Philips denies Universal Display’s phosphorescent materials assertion.

Wednesday, November 27, 2013.  Before yesterday’s trading commenced, Universal Display Corporation (“UDC;” NASDAQ: OLED) released an announcement of a new “collaboration” with Philips stating it was delighted with the “partnership with Philip.”  Investors should agree that the below makes it blatantly obvious that UDC’s announcement was unnecessary and misleading; that it was intended to distract focus on the immediate negative significance of Friday’s groundbreaking court decision, which has a negative direct effect on its Samsung business.  Otherwise the announcement is meaningless.

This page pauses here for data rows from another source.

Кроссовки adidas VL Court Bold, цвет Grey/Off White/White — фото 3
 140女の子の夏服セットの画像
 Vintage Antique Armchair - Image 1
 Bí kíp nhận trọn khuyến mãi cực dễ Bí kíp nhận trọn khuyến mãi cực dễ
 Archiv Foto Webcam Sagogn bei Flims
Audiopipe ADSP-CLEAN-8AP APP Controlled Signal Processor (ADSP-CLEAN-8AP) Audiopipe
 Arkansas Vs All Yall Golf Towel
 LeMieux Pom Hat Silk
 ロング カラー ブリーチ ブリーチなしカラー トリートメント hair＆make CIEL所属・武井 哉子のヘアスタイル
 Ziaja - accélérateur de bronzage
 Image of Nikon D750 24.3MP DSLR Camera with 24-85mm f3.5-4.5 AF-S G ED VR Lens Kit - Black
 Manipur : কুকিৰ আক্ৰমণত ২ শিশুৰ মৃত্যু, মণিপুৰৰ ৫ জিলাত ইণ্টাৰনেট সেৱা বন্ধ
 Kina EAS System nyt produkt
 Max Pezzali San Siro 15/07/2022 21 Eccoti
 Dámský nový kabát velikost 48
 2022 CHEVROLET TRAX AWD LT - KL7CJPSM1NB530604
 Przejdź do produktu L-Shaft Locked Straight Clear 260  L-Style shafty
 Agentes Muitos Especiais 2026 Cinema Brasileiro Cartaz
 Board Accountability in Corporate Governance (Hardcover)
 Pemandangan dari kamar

A representative for Philips Technologie Gmb, the subsidiary of HKoninklijke Philips NV in question, presented with UDC’s “collaboration” or “partnership” claims, confirmed that the entire matter merely relates to UDC’s indication of interest in become one of Philips existing phosphorescent materials suppliers.

Contrary to UDC’s investor centric promotion, UDC has no blocking or pioneering OLED patent.

UDC’s only OLED phosphorescent materials patents that make be remotely characterized as “blocking” were all consolidated into EP238, which were invalidating in its totality in a legal decision based on a “no invention” finding of fact that is not appealable.  The legal standards used to make that “no invention” determination exist in the US and other major jurisdictions.

Philips just like Samsung Mobile Display Co., Ltd., Motorola, HTC, LG , Sony Ericsson,  Nokia Fossil Anwell Technologies Limited, AU Optronics, Chimei Innolux Corporation,  DuPont, Shearwater Research and other manufacturers of OLED display panel is free to manufacture OLED products without any UDC involvement or reliance on UDC’s phosphorescent materials.

UDC issued its “partnership” announcement under questionable circumstances suspiciously timed to create or justify aftermarket trading. UDC’s partnership claim is an obviously unnecessary exaggerated misuse of Phiilps that has unfortunately created a series of erroneous articles.